Alrededor de la cámara berlanguiana

–Vamos a hacer ahora unos ensayos con cámara. Ahí la tienes: la cómplice del director en el rodaje. Ya sabes –y lo vas a ver– que yo evito siempre el plano / contraplano, y ensayamos mucho estos planos más largos porque, si no, todo lo que sale es un desastre.

Ríe al decir esto último, me da una amistosa palmada en el hombro, y acude junto a Josetxo para iniciar el ensayo con cámara.

Este ensayo sirve para marcar cada una de las posiciones de los actores en el plano, sus desplazamientos, y también los de la propia cámara. La predilección de Luis por los planos largos hace especialmente complicados sus rodajes, porque convierte la interacción entre cámara y actores en una auténtica coreografía en la que nada queda al azar.
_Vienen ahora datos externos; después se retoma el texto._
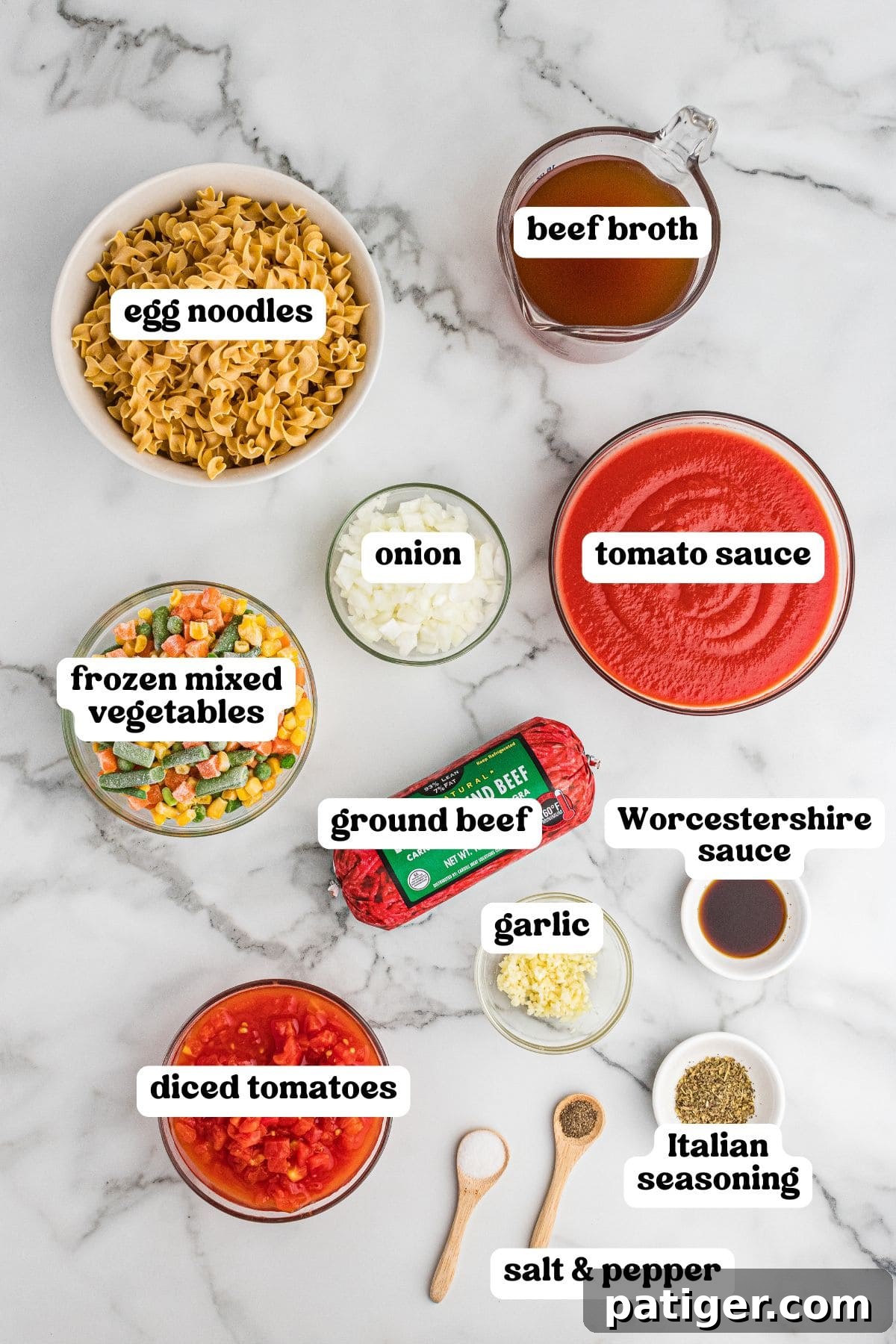 Ingredients for hamburger noodle soup laid out: egg noodles, lean ground beef, diced tomatoes, tomato sauce, beef broth, frozen mixed vegetables, chopped onion, minced garlic, Worcestershire sauce, Italian seasoning, and salt and pepper.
Durante el ensayo, el auxiliar de cámara va marcando sobre el suelo, con tiza y con cinta adhesiva (con cinta de cámara), los puntos en los que debe pararse cada actor, y también la cámara. El foquista mide todas las distancias entre la lente y todos esos elementos en movimiento, previniendo que, mientras se rueda, nada quede fuera de foco por el desplazamiento.
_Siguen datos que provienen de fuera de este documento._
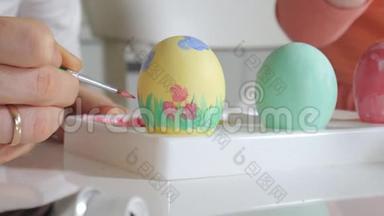 母亲和女儿用彩色颜料画复活节彩蛋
Ensayo con cámara: Berlanga (con camiseta blanca) da indicaciones al operador y a los actores. Un auxiliar va marcando en el suelo con cinta las distintas posiciones durante el movimiento en el plano. Foto: Rafael Maluenda.
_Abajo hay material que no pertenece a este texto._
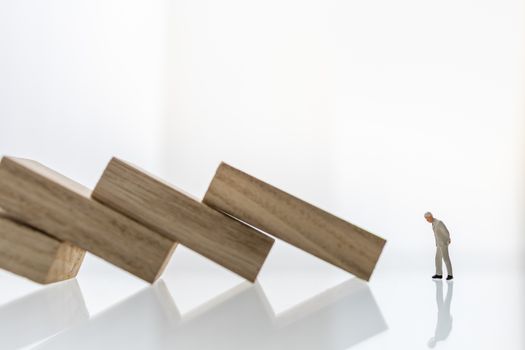 Crisis and failure in Business, Insurance and Risk Management Concept. Close up of businessman miniature figure people looking to wooden block  the collapse of fall in line, with copy space.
Mayo está sentado tras la cámara, montada sobre una grúa que se desplaza sobre raíles. Cada plano largo, o cada plano-secuencia, está compuesto a su vez por muchos otros planos que, en función del continuo movimiento de la cámara, varían de escala y angulación; las distancias focales están, por tanto, en constante mutación.

La maestría de Berlanga logra que esos elaboradísimos planos no distraigan nunca al público de la acción; antes bien, favorecen su inmersión en la trama. Todo en apariencia se desenvuelve con naturalidad. Por eso, ningún profesional puede creer realmente a nuestro cineasta cuando declara que recurre a este tipo de planos, de verdadero encaje de bolillos, por pereza, por ahorrarse trabajo en el rodaje.

Los desplazamientos de cámara varían constantemente de ritmo dentro de la misma toma, y corresponde a los maquinistas ejecutarlos: han de lograr con suma precisión el deslizamiento de la grúa, de la cámara y del operador sobre las vías.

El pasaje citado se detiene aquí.